The MV is charming, emphasizing their sexy dance moves and, as always, trendsetter fashion sense. It depicts the girls carrying out their daily tasks at the workplace, boxed in and feeling a bit lonesome. But once Friday night approaches, they come together, let loose and get wild as they shout "Fri, Sat, Sunday, Move your body!" While the MV isn't too extraordinary, the song remains upbeat and becomes irresistible upon a second listen. See for yourself in the MV below!
The energized lyrics make this song more of a hit as it adds more value to this dance track. "Fri. Sat. Sun" is speaking to the minds of the working class. The 4 fab ladies essentially tell off our bosses for us with lines like, "Don't call me until Monday," and "Send me a message? I won't read it." Be sure to blast these parts extra loud in the office on Fridays as you wait to clock out. After all, "We can't be bothered," and "no one will know" about your weekend personality!
The lyrics contain a lot of charisma and are divided evenly among the members, with each bridge and chorus suiting their individual vocal ranges. The instrumental has a sassy saxophone mixed in with lively sounds like flirtatious whistling, rough clapping, a fast-paced drumming, shaker percussion, and bold notes coming from an electric piano.
Dal Shabet perfected the track with a smooth refrain, especially when they hold the "ooooooh" in the lyrics "without anyone knowing, mooove." The slightly higher pitch for when they count down "Fri. Sat. Sun" is a nice change without altering the tune negatively as it balances the song nicely alongside the instrumental.
But the fun doesn't end there. The album starts off with the more mellow but colorful track "Ya Heart." The song doesn't seem like Dal Shabet's familiar style, which reveals they are trying something different in more than one song.
The song isn't too loud or ballad-like either, as it consists of a more gentle instrumental, picking up in volume more towards the end. It doesn't shy away from trendy sounds either with more jack-swing snaps, auto-tuned "oohs" and distant whistling. Serri and Ahyoung's vocals are more noticeable on this track in comparison to the other members. The song is a good addition to the album, without making or breaking it for the listener.
After opening with "Ya Heart" and shaking things up with "Fri. Sat. Sun," Dal Shabet follow things up with the band-like track "Hard 2 Love." This song works up the listener with its video game-like, animated instrumental. Ironically, "Hard 2 Love" is a song that lives up to its name as it isn't very extraordinary in comparison to other tracks. Their vocals appear to have a lot of editing done over them, and the track seems rushed by the zany, synthesized tune. Not the best song, but still different from many generic side tracks.
Finally, the album simmers down a little bit with the rough and bouncy track "Fly Boy." The instrumental ventures from the album concept a bit with a drummer boy instrumental and rugged army, marching band sound.

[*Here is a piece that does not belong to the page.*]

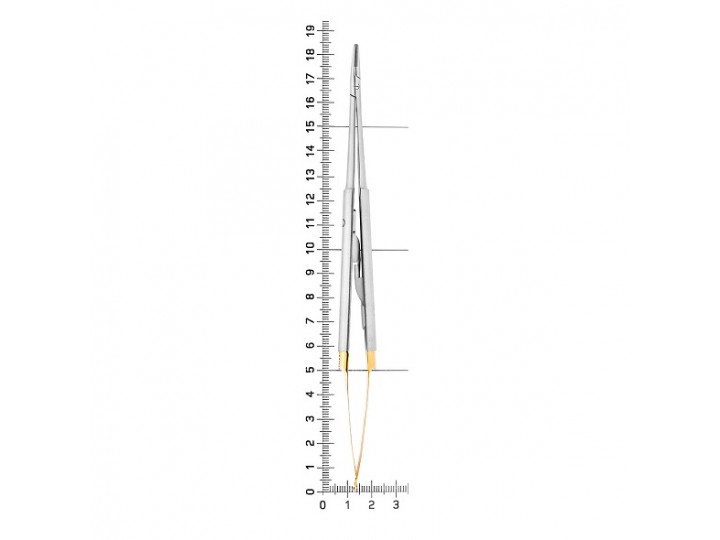 Иглодержатель хирургический изогнутый Micro-Nadelhalter TC 40-46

The introduction is a tad bit misleading as it begins with a more hip-hop influenced sound, out of something Black Pink would use, and switches over into something more bubbly and energetic like DIA. The song has a lot of interesting additions such as water drops, high-pitched notes from an electric piano, almost galactic sounds then the blare of a trumpet. The rise in tempo makes the song stand out a bit, but not as addicting as "Fri. Sat. Sun."
The 10th mini-album comes to a close with their summery song "Some, What?" If this was their initial comeback song, I'm relieved they took some time to wait and reconstruct their image and sound. The song is charming with its 80's shoo-bi do-bop jive theme, like something out of SECRET's "Yoo Hoo," but it doesn't close the album all that well. The song does have a perky sound as the lyrics are zesty with the subtle "chi chi chi - ahh," cutesy squealing, charming countdowns, and repetitious "Summa, Summa, Summa Baby!" But still, all the cuteness aside, the track can be a hit or miss depending on the listener.
In the end, Dal Shabet took a risk trying out this new concept, but it was well worth their efforts. The girls mentioned how they postponed their Summer '16 comeback for a well-made mini album and they didn't disappoint. Will they score #1 on the charts? With comebacks from other top competitor groups I doubt it a little, but still root for them as I personally download this into my weekday playlist.